- [Input records]
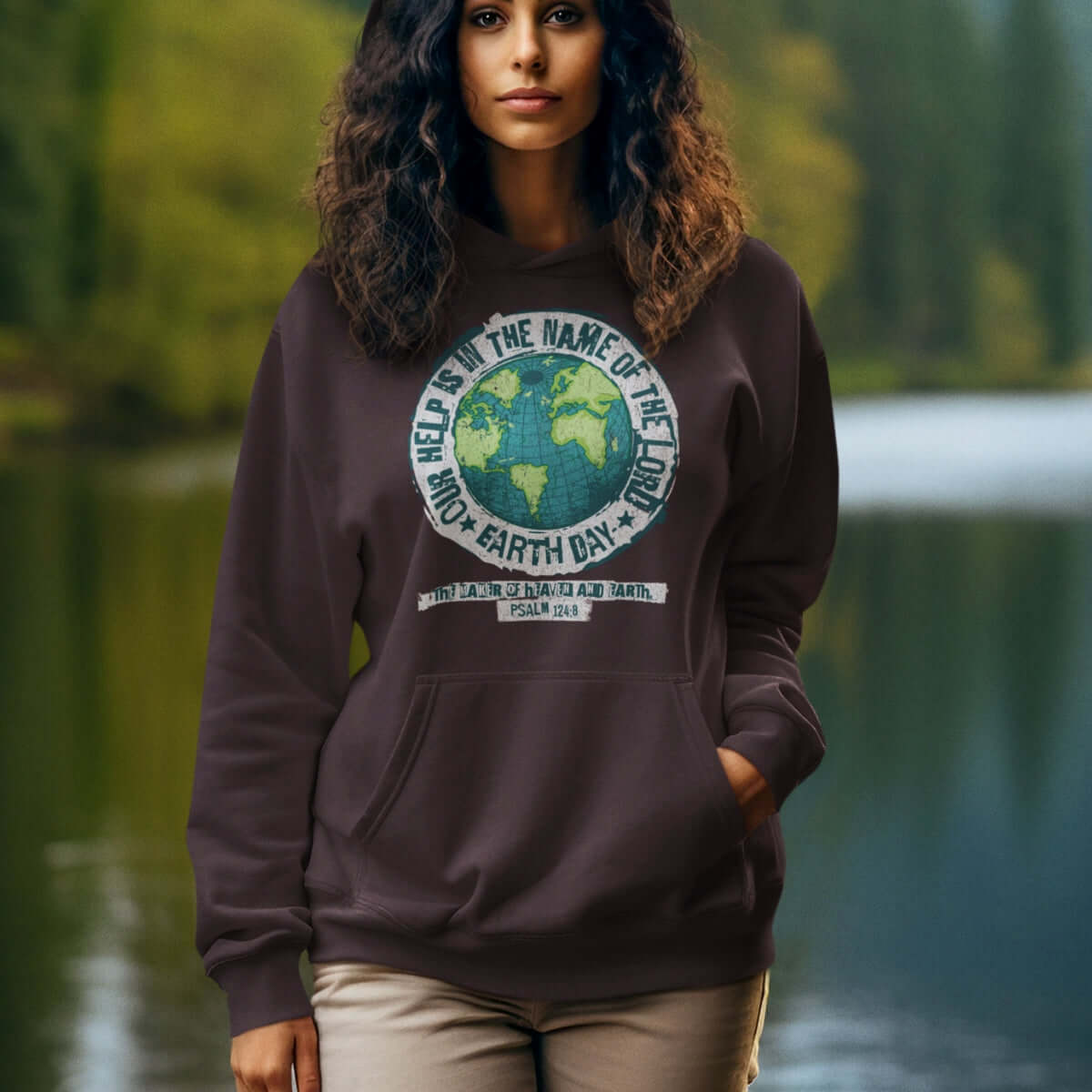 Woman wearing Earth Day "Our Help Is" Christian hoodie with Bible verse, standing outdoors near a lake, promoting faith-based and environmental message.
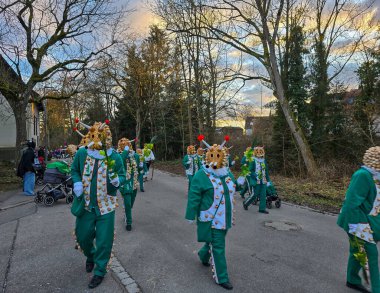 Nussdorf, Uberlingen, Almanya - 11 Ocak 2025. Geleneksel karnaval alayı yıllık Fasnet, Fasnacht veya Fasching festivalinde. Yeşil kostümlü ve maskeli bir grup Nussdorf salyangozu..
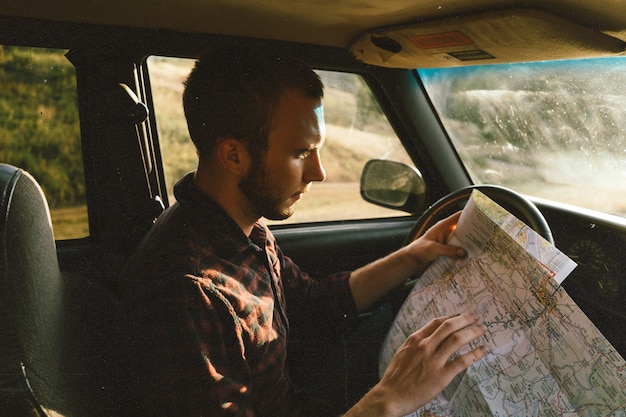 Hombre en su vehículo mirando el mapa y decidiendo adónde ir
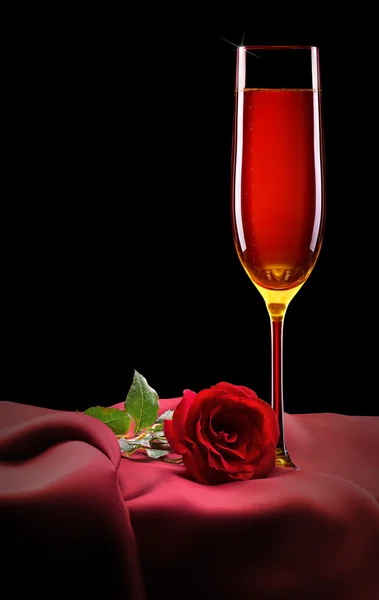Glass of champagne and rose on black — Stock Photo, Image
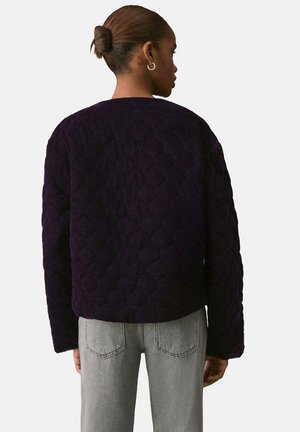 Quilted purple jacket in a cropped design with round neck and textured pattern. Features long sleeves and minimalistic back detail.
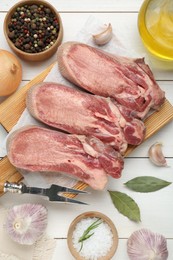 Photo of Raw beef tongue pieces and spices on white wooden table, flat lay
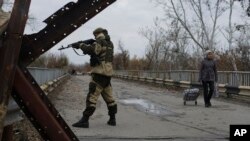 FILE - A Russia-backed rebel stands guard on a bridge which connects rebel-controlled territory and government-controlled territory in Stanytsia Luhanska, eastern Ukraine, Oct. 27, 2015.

- [Assignment]
When you reproduce the entries above, keep every word exactly and leave out each picture.

- [Reply to the task]
 Woman wearing Earth Day "Our Help Is" Christian hoodie with Bible verse, standing outdoors near a lake, promoting faith-based and environmental message.
 Nussdorf, Uberlingen, Almanya - 11 Ocak 2025. Geleneksel karnaval alayı yıllık Fasnet, Fasnacht veya Fasching festivalinde. Yeşil kostümlü ve maskeli bir grup Nussdorf salyangozu..
 Hombre en su vehículo mirando el mapa y decidiendo adónde ir
Glass of champagne and rose on black — Stock Photo, Image
 Quilted purple jacket in a cropped design with round neck and textured pattern. Features long sleeves and minimalistic back detail.
 Photo of Raw beef tongue pieces and spices on white wooden table, flat lay
 FILE - A Russia-backed rebel stands guard on a bridge which connects rebel-controlled territory and government-controlled territory in Stanytsia Luhanska, eastern Ukraine, Oct. 27, 2015.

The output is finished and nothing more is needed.